_WHAT NEEDS TO BE DONE_: Return, from the listing that follows, each line containing the word "Three".

┌──

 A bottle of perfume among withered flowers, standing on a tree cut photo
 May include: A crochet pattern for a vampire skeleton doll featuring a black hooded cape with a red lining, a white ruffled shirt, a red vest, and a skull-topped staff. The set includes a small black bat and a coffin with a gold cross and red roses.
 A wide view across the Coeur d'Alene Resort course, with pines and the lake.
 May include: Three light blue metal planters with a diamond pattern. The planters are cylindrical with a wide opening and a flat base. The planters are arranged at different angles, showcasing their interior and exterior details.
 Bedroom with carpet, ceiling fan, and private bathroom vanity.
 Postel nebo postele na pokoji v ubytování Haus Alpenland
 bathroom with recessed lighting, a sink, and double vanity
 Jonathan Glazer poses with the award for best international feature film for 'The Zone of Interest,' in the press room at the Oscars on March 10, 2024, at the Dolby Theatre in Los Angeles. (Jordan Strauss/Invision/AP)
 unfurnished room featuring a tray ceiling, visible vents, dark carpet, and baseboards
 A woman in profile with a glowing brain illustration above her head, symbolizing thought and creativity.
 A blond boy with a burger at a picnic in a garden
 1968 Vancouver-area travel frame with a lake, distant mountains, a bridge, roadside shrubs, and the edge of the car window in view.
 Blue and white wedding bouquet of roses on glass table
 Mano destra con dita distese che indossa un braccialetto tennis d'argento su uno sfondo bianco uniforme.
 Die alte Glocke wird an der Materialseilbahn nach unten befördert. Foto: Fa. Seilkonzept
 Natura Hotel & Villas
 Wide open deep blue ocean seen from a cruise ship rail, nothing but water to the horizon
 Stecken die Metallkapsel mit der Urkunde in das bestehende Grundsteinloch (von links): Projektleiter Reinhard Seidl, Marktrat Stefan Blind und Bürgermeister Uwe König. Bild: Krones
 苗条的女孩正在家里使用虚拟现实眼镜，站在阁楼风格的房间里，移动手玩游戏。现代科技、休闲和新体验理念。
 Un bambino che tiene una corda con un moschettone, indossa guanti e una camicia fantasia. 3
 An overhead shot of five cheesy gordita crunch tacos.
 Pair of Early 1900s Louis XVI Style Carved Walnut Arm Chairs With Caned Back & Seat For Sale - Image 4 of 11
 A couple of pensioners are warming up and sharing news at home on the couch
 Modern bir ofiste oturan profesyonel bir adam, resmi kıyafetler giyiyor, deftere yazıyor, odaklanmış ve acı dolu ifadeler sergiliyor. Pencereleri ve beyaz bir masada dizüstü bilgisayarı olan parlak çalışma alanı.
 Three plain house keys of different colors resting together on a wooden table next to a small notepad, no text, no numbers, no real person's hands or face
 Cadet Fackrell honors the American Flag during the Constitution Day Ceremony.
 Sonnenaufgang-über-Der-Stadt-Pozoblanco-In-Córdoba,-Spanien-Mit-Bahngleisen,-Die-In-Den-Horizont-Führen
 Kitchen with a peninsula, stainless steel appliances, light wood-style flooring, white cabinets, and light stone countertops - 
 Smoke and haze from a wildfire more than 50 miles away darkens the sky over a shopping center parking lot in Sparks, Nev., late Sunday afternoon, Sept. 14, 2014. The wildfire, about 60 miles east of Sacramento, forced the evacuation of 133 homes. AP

└──

_ANSWER TO THE EXERCISE_:
 May include: Three light blue metal planters with a diamond pattern. The planters are cylindrical with a wide opening and a flat base. The planters are arranged at different angles, showcasing their interior and exterior details.
 Three plain house keys of different colors resting together on a wooden table next to a small notepad, no text, no numbers, no real person's hands or face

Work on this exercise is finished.